Pris dans la toile, le commerce en ligne de la faune sauvage

Mardi, Août 16, 2005
Londres
Une enquête du Fonds international pour la protection des animaux (IFAW), publiée aujourd’hui, révèle que de grandes quantités de produits d’origine animale et  que  nombre d’animaux vivants sont vendus illégalement sur Internet. Ce commerce lucratif, qui s'amplifie de jour en jour, entraîne au bord de l’extinction les espèces les plus menacées du monde et provoque des souffrances indicibles.
Chaque jour, des milliers d’animaux  et des produits d’origine animale  – qu’il s’agisse de chimpanzés vivants, de défenses gigantesques ou de minuscules hippocampes séchés – sont vendus et achetés dans le cyberespace international. Pendant trois mois, IFAW a mené au Royaume-Uni une enquête qui a montré qu’en une semaine seulement, plus de 9 000 animaux vivants ou produits issus de la faune sauvage avaient été proposés à la vente sur des sites Web de langue anglaise, notamment des forums de discussion et le célèbre site d’enchères eBay. Au moins 70% de ces animaux étaient des espèces protégées par la législation internationale. L’enquête a été restreinte à cinq catégories d’animaux ; ses conclusions ne représentent donc que la partie visible de l’iceberg (1).
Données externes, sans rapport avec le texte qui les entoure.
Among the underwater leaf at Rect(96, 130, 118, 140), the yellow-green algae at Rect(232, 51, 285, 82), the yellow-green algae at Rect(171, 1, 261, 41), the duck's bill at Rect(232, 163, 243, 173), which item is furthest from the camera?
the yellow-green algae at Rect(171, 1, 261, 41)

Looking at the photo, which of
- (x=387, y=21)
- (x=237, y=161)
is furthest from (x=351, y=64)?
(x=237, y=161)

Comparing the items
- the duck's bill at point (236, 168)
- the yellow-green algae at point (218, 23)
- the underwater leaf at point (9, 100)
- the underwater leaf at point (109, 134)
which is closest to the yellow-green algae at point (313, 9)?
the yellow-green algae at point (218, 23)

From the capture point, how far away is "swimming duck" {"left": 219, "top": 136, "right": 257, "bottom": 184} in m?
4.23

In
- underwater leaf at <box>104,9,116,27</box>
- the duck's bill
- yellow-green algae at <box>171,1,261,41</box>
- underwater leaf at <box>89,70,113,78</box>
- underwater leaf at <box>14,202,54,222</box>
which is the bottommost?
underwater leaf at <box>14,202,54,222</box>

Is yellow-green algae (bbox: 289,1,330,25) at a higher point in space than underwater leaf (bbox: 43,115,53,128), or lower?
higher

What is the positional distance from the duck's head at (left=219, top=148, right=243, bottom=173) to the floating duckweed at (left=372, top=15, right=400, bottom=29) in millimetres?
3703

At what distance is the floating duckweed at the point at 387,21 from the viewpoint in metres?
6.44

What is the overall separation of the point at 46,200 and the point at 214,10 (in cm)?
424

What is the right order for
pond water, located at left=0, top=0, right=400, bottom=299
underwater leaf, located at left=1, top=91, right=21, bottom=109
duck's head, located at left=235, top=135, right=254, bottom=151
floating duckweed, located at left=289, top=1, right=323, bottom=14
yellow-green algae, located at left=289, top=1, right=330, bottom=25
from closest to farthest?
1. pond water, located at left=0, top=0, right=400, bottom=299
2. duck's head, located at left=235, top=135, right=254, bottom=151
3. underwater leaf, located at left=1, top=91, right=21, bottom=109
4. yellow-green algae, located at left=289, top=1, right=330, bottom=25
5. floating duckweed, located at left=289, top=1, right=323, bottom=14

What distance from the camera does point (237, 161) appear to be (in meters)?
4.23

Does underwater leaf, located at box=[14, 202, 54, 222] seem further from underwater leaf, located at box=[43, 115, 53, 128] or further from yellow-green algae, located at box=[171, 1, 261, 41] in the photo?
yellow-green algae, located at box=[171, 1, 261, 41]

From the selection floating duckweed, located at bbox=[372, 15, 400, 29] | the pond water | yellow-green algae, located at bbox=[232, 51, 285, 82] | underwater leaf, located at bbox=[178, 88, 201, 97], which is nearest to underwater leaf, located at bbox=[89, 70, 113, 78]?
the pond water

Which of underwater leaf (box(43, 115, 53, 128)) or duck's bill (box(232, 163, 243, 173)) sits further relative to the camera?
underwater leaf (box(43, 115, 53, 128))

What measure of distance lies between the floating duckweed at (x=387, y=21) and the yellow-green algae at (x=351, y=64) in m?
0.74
Le rapport, "Caught in the web: wildlife trade on the Internet" ("pris dans la toile, le commerce de la faune sauvage sur l’Internet", disponible en langue anglaise) confortera les craintes des écologistes : le commerce sur Internet, toujours croissant et très peu contrôlé, pourrait être une catastrophe pour les espèces menacées. Il ouvre de nouveaux marchés aux trafiquants d’animaux sauvages et beaucoup de ces animaux sont visés par les braconniers pour répondre aux demandes de riches consommateurs étrangers et pour être commercialisés comme "animaux de compagnie". L'Internet est notoirement difficile à contrôler parce qu'il dépasse les frontières nationales et géographiques ; les ventes transfrontalières correspondent actuellement à 15% de toutes les transactions sur eBay.
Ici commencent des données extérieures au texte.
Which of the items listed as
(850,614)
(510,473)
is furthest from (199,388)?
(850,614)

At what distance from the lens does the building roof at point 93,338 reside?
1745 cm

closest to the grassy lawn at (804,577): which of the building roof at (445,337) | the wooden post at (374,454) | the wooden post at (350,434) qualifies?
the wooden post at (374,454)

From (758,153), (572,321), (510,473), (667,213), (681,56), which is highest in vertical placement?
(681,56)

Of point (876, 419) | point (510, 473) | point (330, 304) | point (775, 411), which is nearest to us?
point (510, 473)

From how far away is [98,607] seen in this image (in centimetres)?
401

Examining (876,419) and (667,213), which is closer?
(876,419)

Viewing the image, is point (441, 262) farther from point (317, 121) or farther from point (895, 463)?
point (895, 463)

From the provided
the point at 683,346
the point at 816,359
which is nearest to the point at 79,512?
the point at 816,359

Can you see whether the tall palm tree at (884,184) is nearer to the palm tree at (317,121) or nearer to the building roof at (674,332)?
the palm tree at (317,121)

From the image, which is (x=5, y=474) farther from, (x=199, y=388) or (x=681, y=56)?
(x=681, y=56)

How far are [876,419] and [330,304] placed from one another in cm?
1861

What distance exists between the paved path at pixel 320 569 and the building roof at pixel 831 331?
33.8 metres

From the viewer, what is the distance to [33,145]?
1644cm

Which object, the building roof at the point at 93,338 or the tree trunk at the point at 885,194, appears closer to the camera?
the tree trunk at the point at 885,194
IFAW a découvert que certaines des espèces les plus menacées au monde sont proposées en ligne, à partir de sites Web basés au Royaume-Uni, aux Etats-Unis, en Inde, en Israël et en Allemagne, et que la plupart d'entre eux sont vendues ou échangées de manière illégale. Les enquêteurs d'IFAW ont trouvé des animaux exotiques, notamment un gorille vivant en vente à Londres, un tigre de Sibérie et quatre bébés chimpanzés sur un site américain, ainsi que d'autres espèces sérieusement menacées. On trouve également sur Internet des carapaces de tortues Caret, des châles shahtoosh confectionnés avec la laine des antilopes du Tibet, ainsi que des lions et des ours polaires empaillés. Les articles en ivoire et les remèdes de la médecine asiatique traditionnelle contenant des organes d'espèces menacées de tigres et de rhinocéros sont également courants.
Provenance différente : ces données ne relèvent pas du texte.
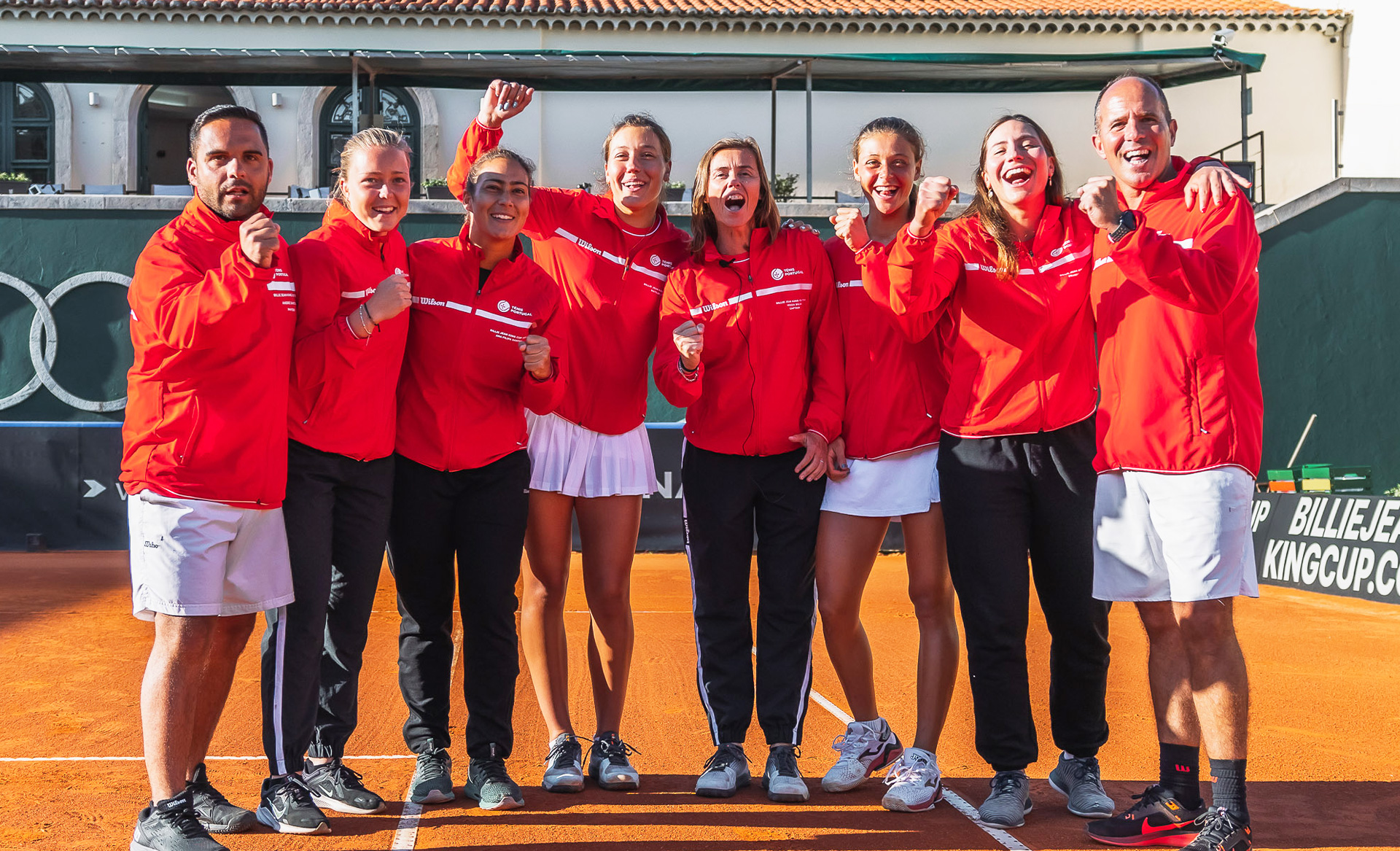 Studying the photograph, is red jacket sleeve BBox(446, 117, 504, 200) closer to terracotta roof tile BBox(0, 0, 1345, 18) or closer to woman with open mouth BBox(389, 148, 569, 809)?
woman with open mouth BBox(389, 148, 569, 809)

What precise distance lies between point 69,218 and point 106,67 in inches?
95.0

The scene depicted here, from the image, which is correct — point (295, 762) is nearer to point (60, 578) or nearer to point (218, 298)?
point (218, 298)

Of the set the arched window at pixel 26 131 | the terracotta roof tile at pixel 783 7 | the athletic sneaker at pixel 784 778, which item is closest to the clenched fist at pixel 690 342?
the athletic sneaker at pixel 784 778

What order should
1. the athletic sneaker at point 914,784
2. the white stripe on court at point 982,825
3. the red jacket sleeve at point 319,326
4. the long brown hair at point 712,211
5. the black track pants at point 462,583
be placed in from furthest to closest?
1. the long brown hair at point 712,211
2. the black track pants at point 462,583
3. the athletic sneaker at point 914,784
4. the red jacket sleeve at point 319,326
5. the white stripe on court at point 982,825

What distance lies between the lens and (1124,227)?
3.51 metres

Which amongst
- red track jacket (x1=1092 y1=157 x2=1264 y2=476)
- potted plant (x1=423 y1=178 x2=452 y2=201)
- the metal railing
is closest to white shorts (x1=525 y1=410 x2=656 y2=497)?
red track jacket (x1=1092 y1=157 x2=1264 y2=476)

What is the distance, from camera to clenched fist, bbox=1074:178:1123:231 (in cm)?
350

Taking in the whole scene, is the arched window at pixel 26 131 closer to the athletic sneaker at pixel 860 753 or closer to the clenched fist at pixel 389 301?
the clenched fist at pixel 389 301

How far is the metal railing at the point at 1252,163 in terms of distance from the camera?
16438 millimetres

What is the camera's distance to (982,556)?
396 cm

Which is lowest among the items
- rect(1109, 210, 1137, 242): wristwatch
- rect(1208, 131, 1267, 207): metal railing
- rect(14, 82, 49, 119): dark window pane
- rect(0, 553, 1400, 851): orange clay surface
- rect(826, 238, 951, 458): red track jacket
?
rect(0, 553, 1400, 851): orange clay surface

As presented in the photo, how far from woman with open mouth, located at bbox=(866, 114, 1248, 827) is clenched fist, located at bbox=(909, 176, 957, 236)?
0.09 feet

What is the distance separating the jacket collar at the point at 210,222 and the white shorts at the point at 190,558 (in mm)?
837

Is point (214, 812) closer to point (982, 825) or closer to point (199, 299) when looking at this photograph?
point (199, 299) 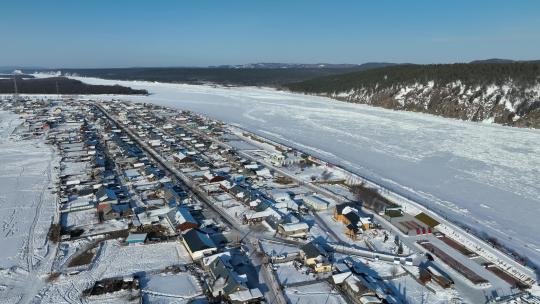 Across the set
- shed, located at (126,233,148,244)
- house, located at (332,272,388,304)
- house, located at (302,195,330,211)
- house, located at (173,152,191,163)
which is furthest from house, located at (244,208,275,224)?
house, located at (173,152,191,163)

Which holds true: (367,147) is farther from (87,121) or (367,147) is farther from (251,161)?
(87,121)

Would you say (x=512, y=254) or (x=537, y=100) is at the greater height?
(x=537, y=100)

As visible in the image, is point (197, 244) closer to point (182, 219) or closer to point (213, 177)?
point (182, 219)

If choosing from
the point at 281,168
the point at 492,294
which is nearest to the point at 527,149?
the point at 281,168

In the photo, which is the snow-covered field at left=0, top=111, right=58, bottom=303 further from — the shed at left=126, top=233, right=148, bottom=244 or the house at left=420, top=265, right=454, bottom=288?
the house at left=420, top=265, right=454, bottom=288

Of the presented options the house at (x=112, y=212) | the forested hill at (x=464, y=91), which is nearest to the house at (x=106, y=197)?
the house at (x=112, y=212)

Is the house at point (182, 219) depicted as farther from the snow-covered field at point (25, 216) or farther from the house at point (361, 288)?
the house at point (361, 288) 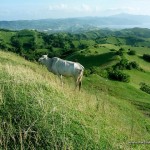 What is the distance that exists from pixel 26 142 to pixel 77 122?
1.77 metres

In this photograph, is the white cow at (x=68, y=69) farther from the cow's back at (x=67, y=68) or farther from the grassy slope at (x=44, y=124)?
the grassy slope at (x=44, y=124)

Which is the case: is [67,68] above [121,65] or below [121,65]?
above

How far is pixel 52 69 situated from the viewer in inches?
981

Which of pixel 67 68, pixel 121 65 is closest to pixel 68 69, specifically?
pixel 67 68

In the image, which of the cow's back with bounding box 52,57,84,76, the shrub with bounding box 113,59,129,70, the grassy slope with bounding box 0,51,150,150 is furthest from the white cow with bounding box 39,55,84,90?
the shrub with bounding box 113,59,129,70

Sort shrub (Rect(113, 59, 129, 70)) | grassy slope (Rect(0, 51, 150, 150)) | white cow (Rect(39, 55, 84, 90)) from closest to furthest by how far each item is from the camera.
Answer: grassy slope (Rect(0, 51, 150, 150)) < white cow (Rect(39, 55, 84, 90)) < shrub (Rect(113, 59, 129, 70))

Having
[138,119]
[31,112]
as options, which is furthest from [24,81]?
[138,119]

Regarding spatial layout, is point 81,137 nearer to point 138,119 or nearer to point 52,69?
point 138,119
Phyllis Campbell-McRae, Directrice du bureau britannique d’IFAW, le confirme : « Le commerce sur Internet est facile, bon marché et anonyme. Cependant, il est clair que des commerçants peu scrupuleux et des organisations criminelles complexes tirent parti des occasions fournies par le Web. Le résultat en est un cyber-marché noir où l'avenir des animaux les plus rares de la planète est bradé. Il est indispensable que les pouvoirs publics et les propriétaires de sites Web s'attaquent immédiatement à cette situation, avant qu'il ne soit trop tard. »

« Chacun de nous a également la responsabilité d'arrêter d'acheter et de vendre des animaux sauvages et des produits issus de la faune sauvage. Le commerce des animaux sauvages est poussé par la demande des consommateurs. Quand ceux-ci s'arrêteront d'acheter, les meurtres s'arrêteront également. Notre message aux clients en ligne est donc simple : acheter des animaux sauvages en ligne est un acte aussi détestable que de les tuer vous-même », ajoute Mme Campbell-McRae.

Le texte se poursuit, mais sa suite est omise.